Hach, wie gemütlich isses im Veb! Gerade wenn mensch leicht schockgefrostet und mit Schnee in den Haaren in die winzige Location stolpert, geht einem angesichts der pupsigen Wärme, den bekannten Gesichtern und dem leckeren Getränkeangebot doch gleich das Herz auf. Und wer sitzt da in verkrusteten und speckigen Lederklamotten hinterm Merchtisch? Der alte Roaddog Kelly! Vor 15 Jahren hat der Kerl mal bei Kiels berüchtigtstem Busfahrer Karl-Heinz S. Aus G. gecrasht und es gab den einen oder anderen Umtrunk im Café Stiezel. Kalle hat dann ganz Punk-Kiel mit Scheiben von Kellys Band infiziert und so ziemlich jeder gut sortierte Haushalt dürfte mindestens noch die DEFIANCE-LP „No Future No Hope“ vorweisen können, von DETESTATION usw. gar nicht zu sprechen. (Kalle, da ich weiß, dass du zu meinen Stammlesern gehörst, seien hiermit Grüße von Kelly übermittelt: „UP THE FUCKIN' PUNX!“)

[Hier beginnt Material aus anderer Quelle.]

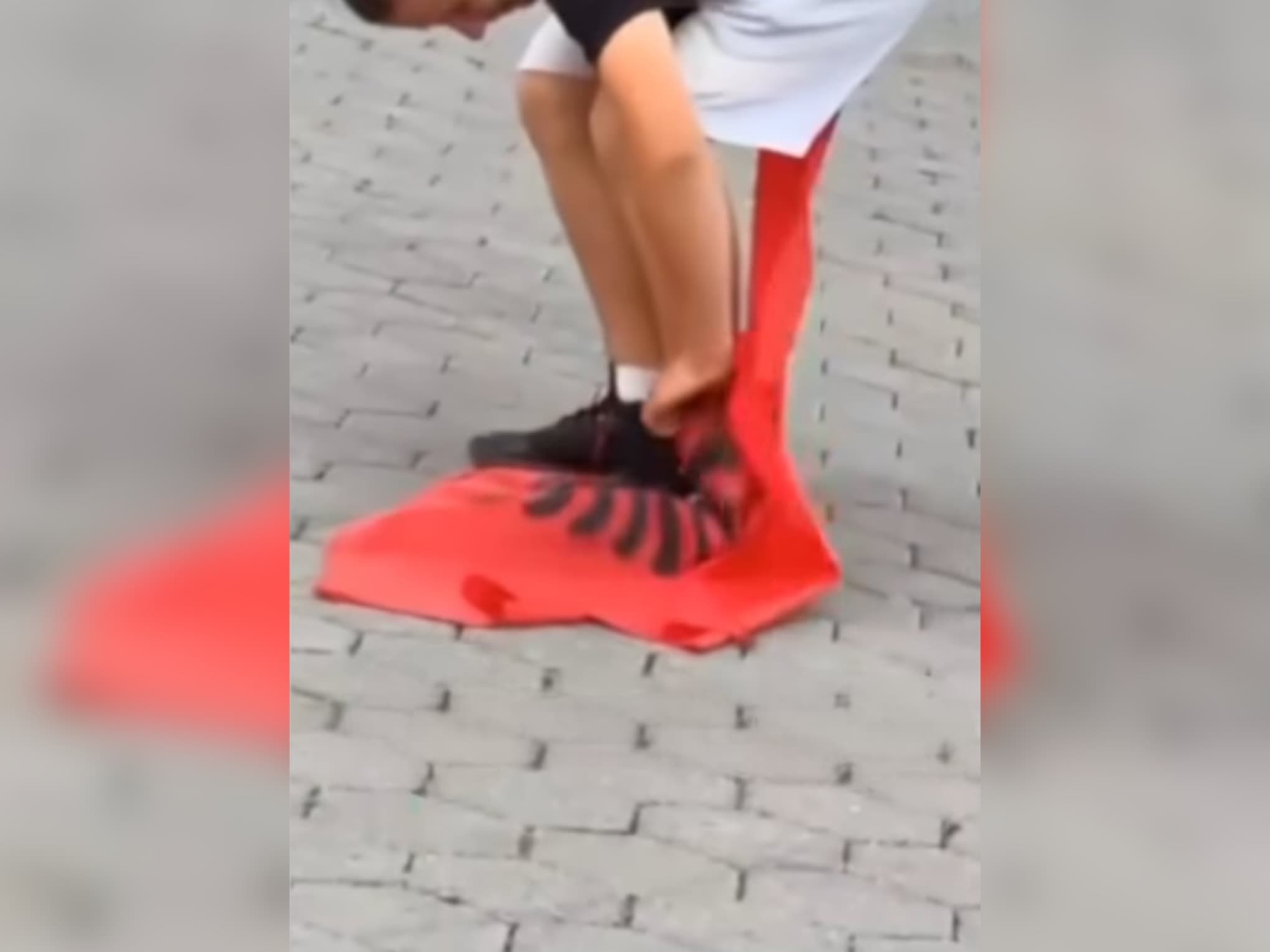Policia konfirmon rastin e përdhosjes së flamurit kombëtar në Suharekë nga dy të mitur
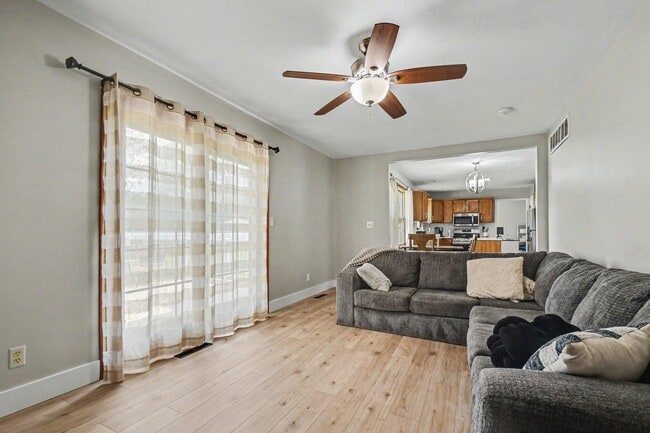Building Photo - 51222 Crooked Oak Dr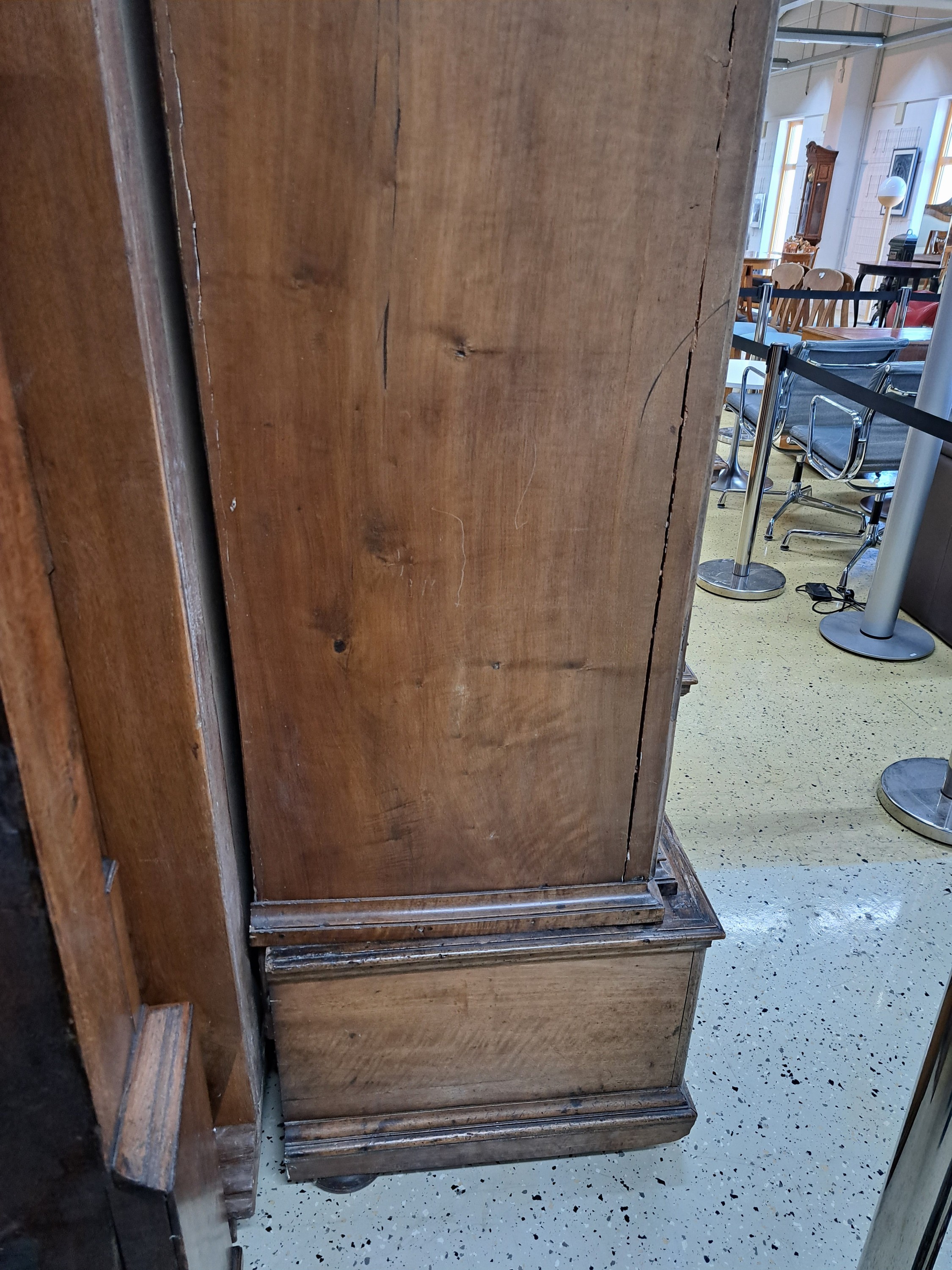 Detail j: Frühbarocker Fassadenschrank, 17. und 19. Jh., Front bzw. Türen überwiegend aus der Zeit, Pilaster mit Schuppendekor, architektonische gegliederte ...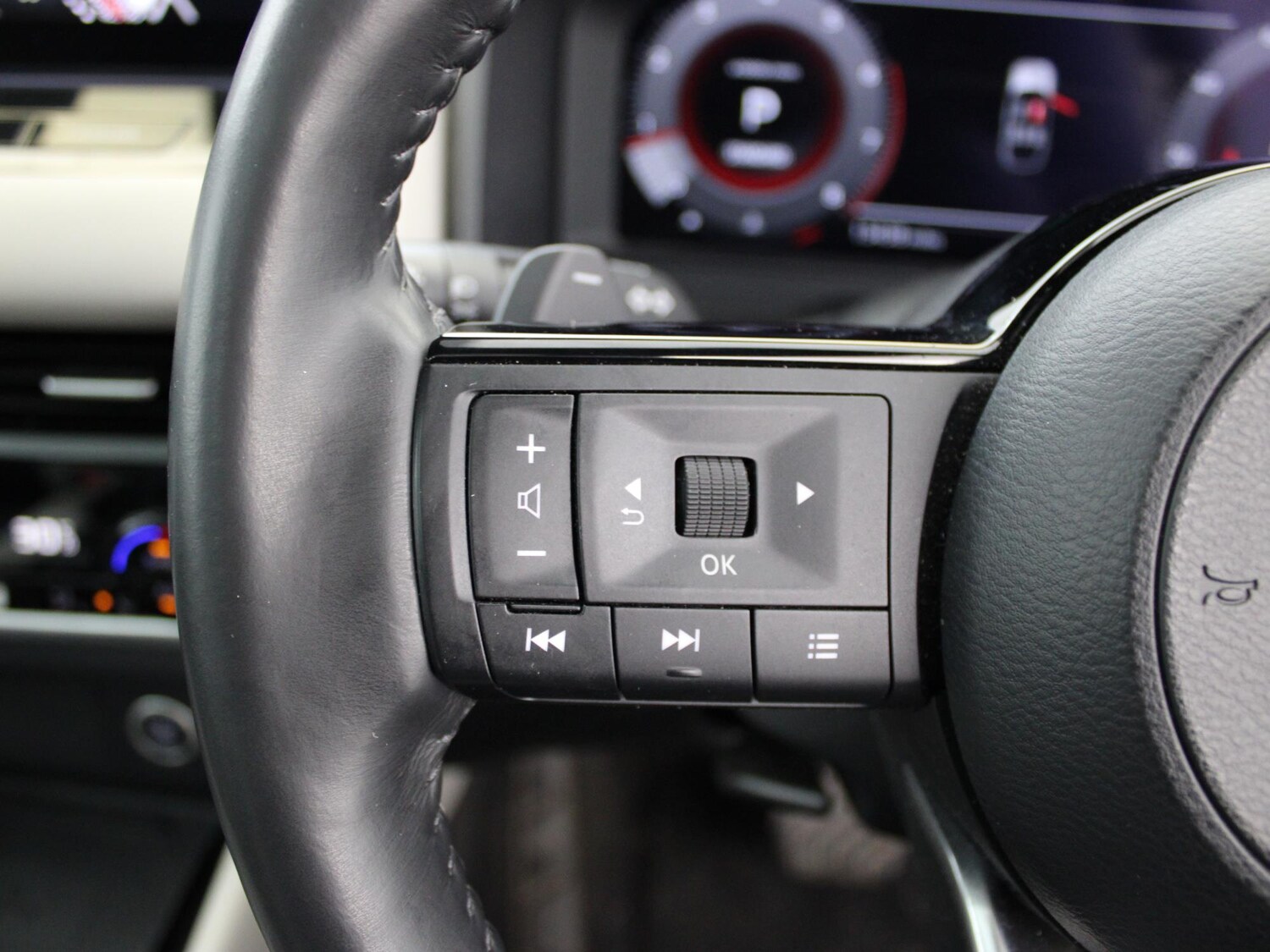 Used Nissan Qashqai 2022 for sale - 77973443: Photo 39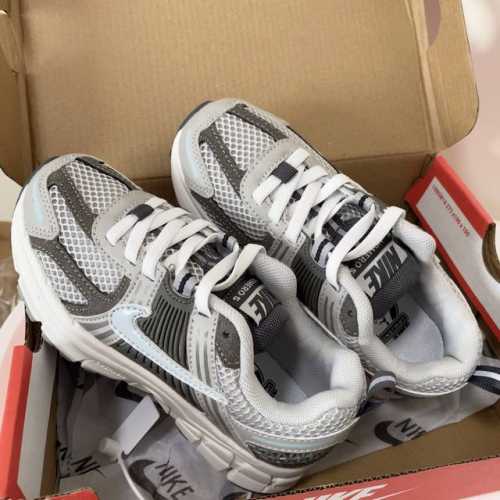 Nk V5 Kids' Shoes 26-37.5 This Nk Zoom Vomero 5 Kids' Sneaker Is So Cool! It's P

POSTFORD sind 'ne relativ frische Band aus Bremen und Lübeck. Dankenswerterweise haben sie das Post gleich in den Namen gepackt, denn yep – Postpunk it is. Mir gefällt der dreistimmige Gesang von Nils (g & v), Robi (g & v) sowie Jacob (b & v) auf Anhieb. Leicht heiseres Schreien und wirkliche Melodien ergänzen sich da gut. Von der Melodieführung und den halbverzerrten Gitarren her kommen Assoziationen zu Klamotten wie OMA HANS oder TURBOSTAAT in den Sinn. Kollege Doom Fränk ist das „ganz klar zu wenig Straße und zu viel Abitur“, aber ich mag so was durchaus. Kann ja nicht jede Band aus Menschen bestehen, die wie Kelly zwei Wochen im Jahr zu Hause und den Rest on the road verbringen... Das treibt jedenfalls, hat immer wieder Momente, die aufhorchen lassen, z.B. der Text von „Kaltland“: „Denn es ist deutsch in Kaltland / Denn es ist kalt in Deutschland / Denn es ist deutsch in Kaltland / Kalt, Kalt, Kaltland / Das Aber ein Brandsatz / Die Fahne ein Speer / Das Kreuz ein Funkmast / Wir sind nicht das Volk.“ Gut.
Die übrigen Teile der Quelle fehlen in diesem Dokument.